A 38 ans, Marie-Laure est venue de Salon-de-Provence avec une amie "pour s'amuser". Mais pas seulement : "Participer à ce casting, c'est un acte de rebellion contre les images qu'on nous matraque dans les médias à longueur de journée", explique cette maman de 38 ans. "Les magazines font leur une sur les rondes une fois par an et le reste de l'année, c'est comme si nous n'existions pas," déplore Marie-Laure.
Pour maigrir, elle a "tout fait", sourit-elle : "Dukan, les régimes Weight Watchers, etc.
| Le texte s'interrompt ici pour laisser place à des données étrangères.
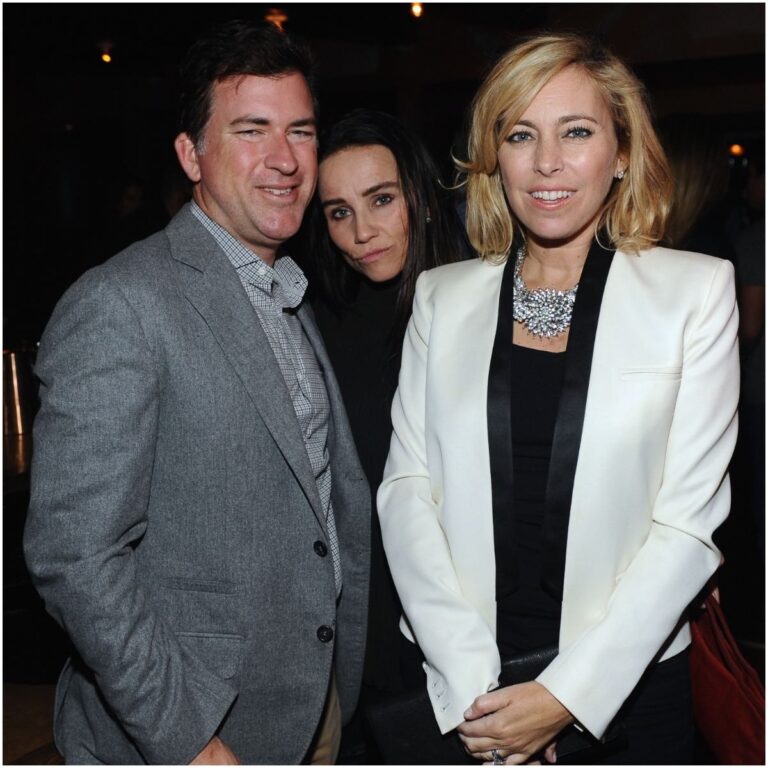 Christian Stracke Net Worth ExWife (Sutton Stracke) Famous People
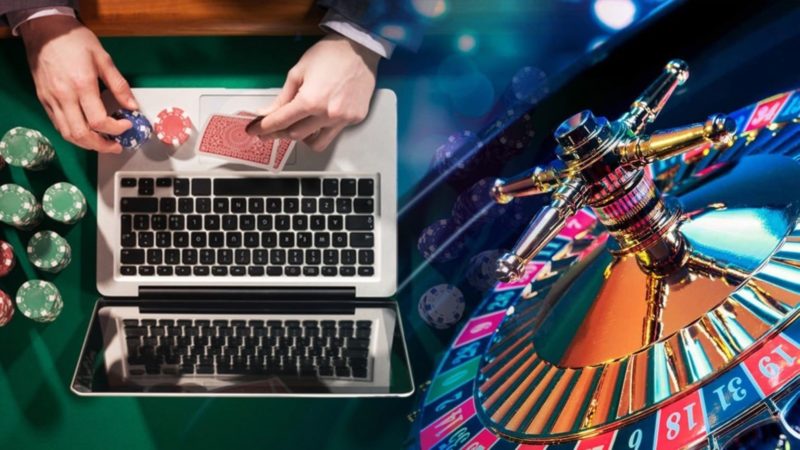 The Digital Revolution of Online Casinos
Et puis j'ai compris que si tu n'as pas de problème de santé, il faut t'accepter, faire du sport, ne rien s'interdire", conclut la blonde, maman de deux enfants et par ailleurs saluée par le jury pour ses formes gracieusement entretenues par la pratique de la zumba.
Elle maîtrise toutefois moins l'art du défilé. Heureusement, les filles la briefent. "Souris, impose toi", "tu as l'air tendue, encore", "essaie de bien mettre un pied devant l'autre, en ondulant des hanches", lui lancent-elles. Anaïs lui conseille enfin de se former "en regardant des vidéos de défilés sur YouTube", une bonne façon de compenser son manque d'expérience. L'idée de tenter sa chance sur le catwalk a mûri dans un coin de sa tête pendant des années. "Je ne l'aurais peut-être pas fait à 20 ans, mais aujourd'hui, je suis bien dans mon corps, je veux montrer que c'est possible d'être ronde et épanouie", poursuit Marie-Laure. "On voit peu de filles de 19 ou 20 ans", reconnaît Lalaa. "C'est un âge où l'on subit de plein fouet la pression liée au culte de la minceur. Mais c'est en train de changer."